Get Started with ClientUI 5
Now that ClientUI 5 is officially released and the new license keys are delivered, you’ve got the most comprehensive and powerful tools in your fingertips. The first thing you will be doing after installation is probably to figure out what you can do with the new ClientUI. There are really a lot of exciting and never-before-possible capabilities that you can now add to your business applications. Let’s take a look at some of them in this blog post.
Discover the New Possibilities
I have been extensively blogging about UXGridView in the past several months since it was in the planning phase and all the time through the CTP and beta releases. There are many other new controls that are not less important in this new release which I haven’t been blogging about before due to the milestone readiness. It’s now the time to discover all these exciting new tools.
At a glance, the ClientUI 5 release is strongly focused on essential line-of-business controls which consisted of three key areas: high-performance data presentation, advanced navigation, and rich document controls. Let’s start from the document controls.
Silverlight Document Management Made Easy
I’ve been often asked by business friends and clients, “What’s the best way to store our corporate documents and make them available for rich viewing in client apps?” And some often added with “And ones that support printing, zooming and navigation?”. Some geeks would add another requirement, “And definitely one that supports cross-platform development”. Wow, I think these are all interesting stuff, yet challenging.
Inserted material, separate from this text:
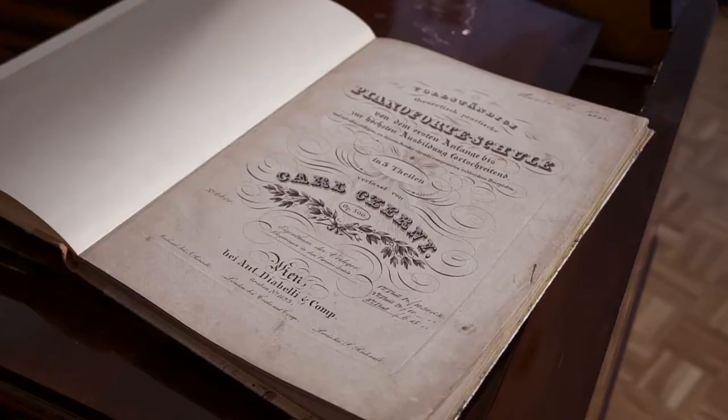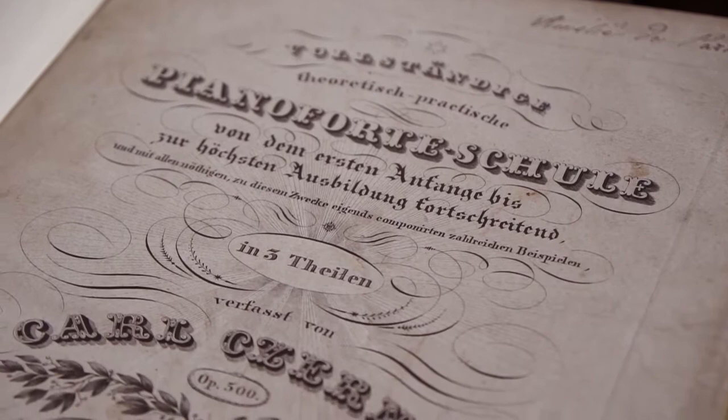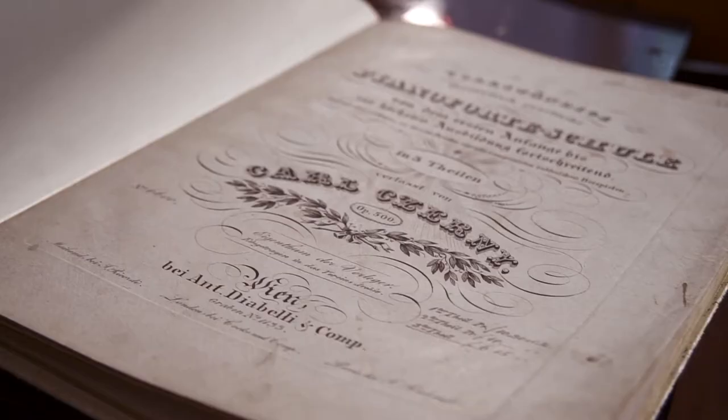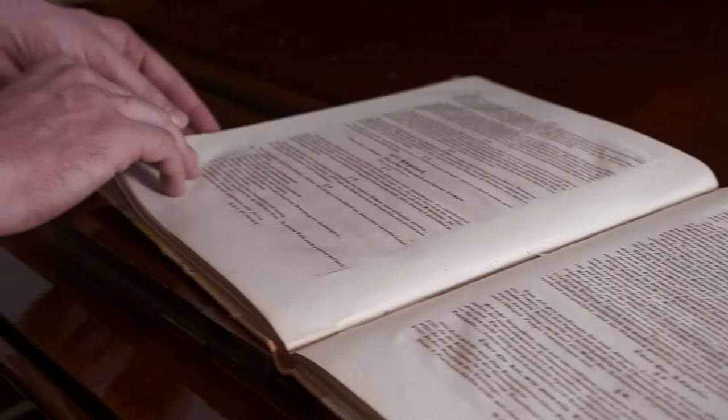I'm going to read what Czerny says about the allegro. I have an original German edition from 1839, and I'm quoting from the original English translation of that piano school that came out in London in 1842. This is chapter 8, paragraph 3 in the third part of Czerny's piano school. He says: "The character of a piece which is marked allegro may be very various." He then gives 10 different categories of allegros.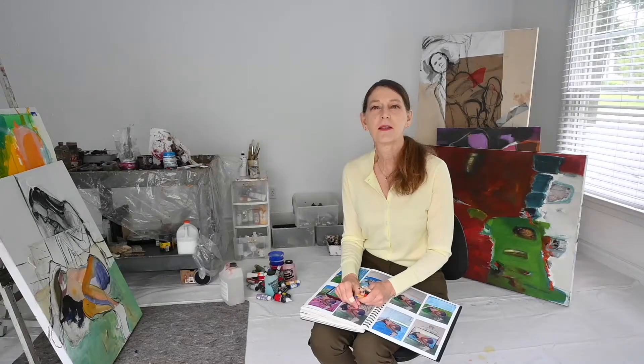Welcome into the studio. Thanks for stopping by. My name is Janice. I've been a graphic designer for large corporations and agencies in Manhattan, and now I've turned my efforts over to painting for the last couple of years.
I couldn’t satisfy everyone with a confident single answer back then – because it was never been done before.
Earlier this year, I sat down with our top engineers discussing these business challenges and we don’t even have ideas if such capabilities can be done at that time. And today, I’m excited that we have turned these dreams into reality – thanks to the team’s great passion and high dedication to defy the challenges found all the way during the development until it’s delivered today.
Introducing ClientUI document controls, this brand-new lineup includes a range of feature-rich document viewers, engineered from the bottom-up with a solid architecture to allow room for future extensibility. That said, these viewers aren’t merely fancy controls with sleek toolbars and glassy interface. They are built on the top of document framework, a set of comprehensive document interface and APIs that the viewers understand.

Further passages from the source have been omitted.